▶ **What you should do**
In the listing below, locate the line with "Toyota Auris 90 D Business 66kW (90CV)" and the line with "New 2026 Ram", then output both and everything between them exactly, minus any pictures.

▶ **Information supplied**
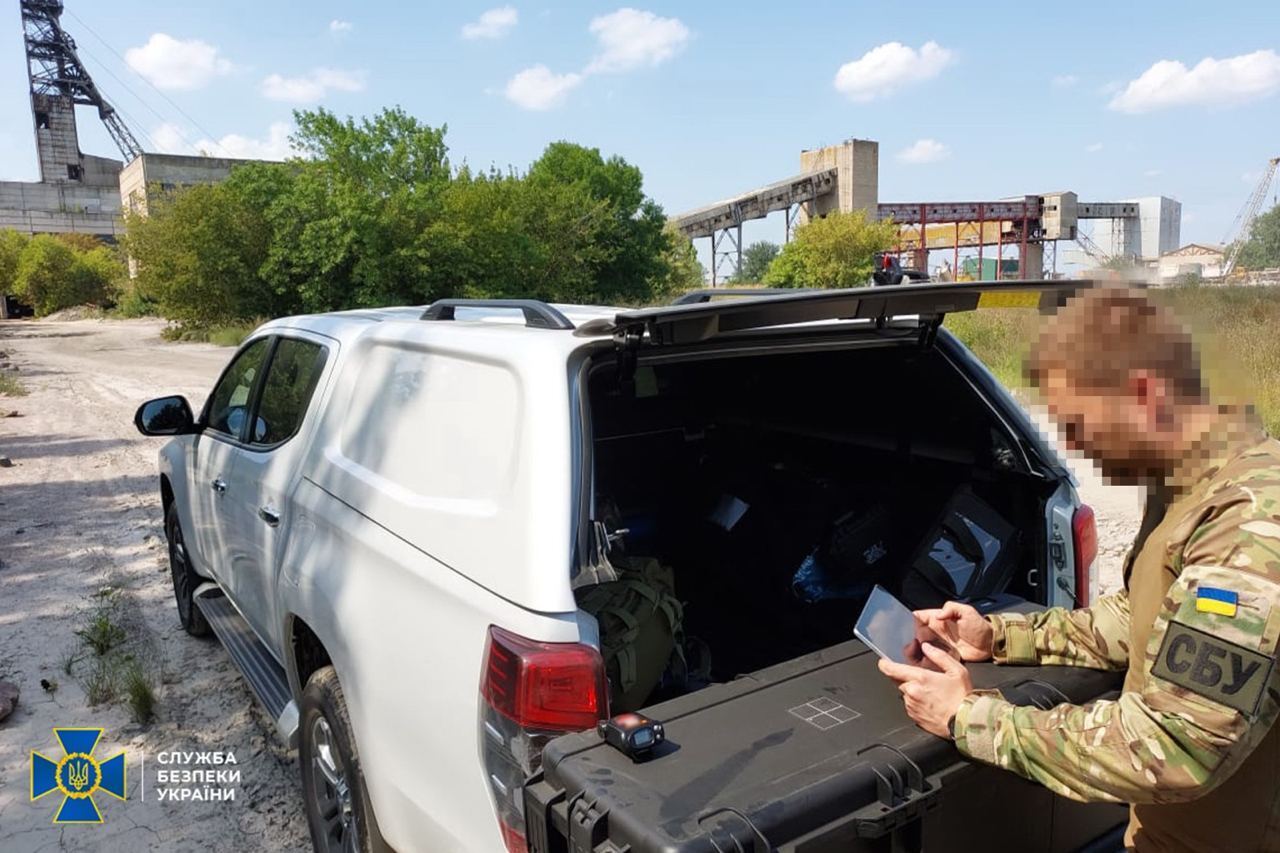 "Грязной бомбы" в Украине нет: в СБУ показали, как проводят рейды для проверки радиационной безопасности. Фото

* * *

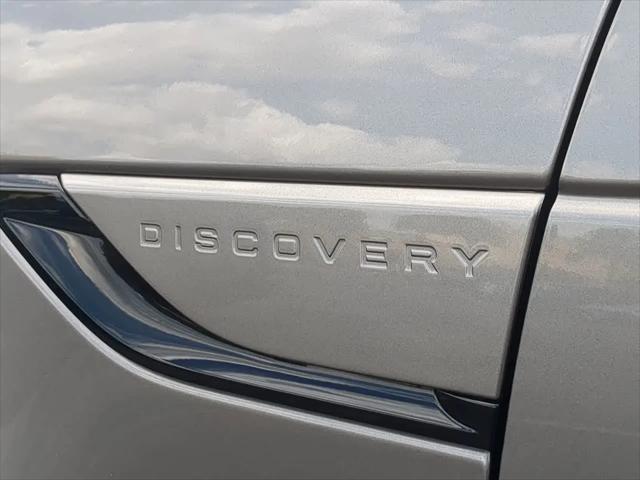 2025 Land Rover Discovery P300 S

--

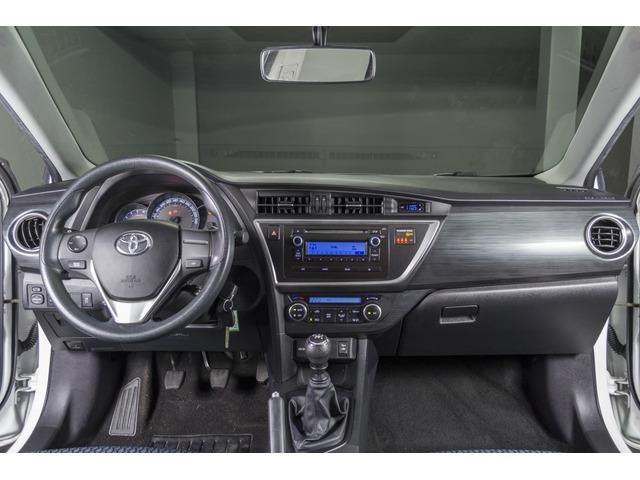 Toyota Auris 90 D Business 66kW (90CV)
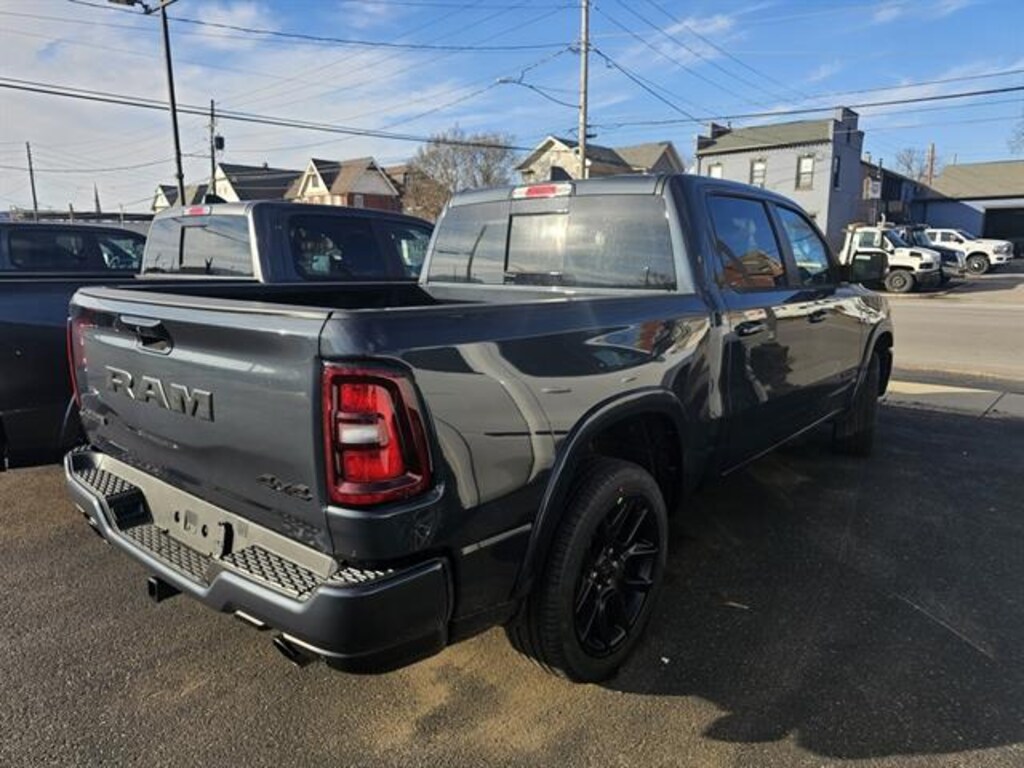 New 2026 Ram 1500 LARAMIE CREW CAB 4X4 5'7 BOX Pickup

▶ **Exercise output**
 Toyota Auris 90 D Business 66kW (90CV)
 New 2026 Ram 1500 LARAMIE CREW CAB 4X4 5'7 BOX Pickup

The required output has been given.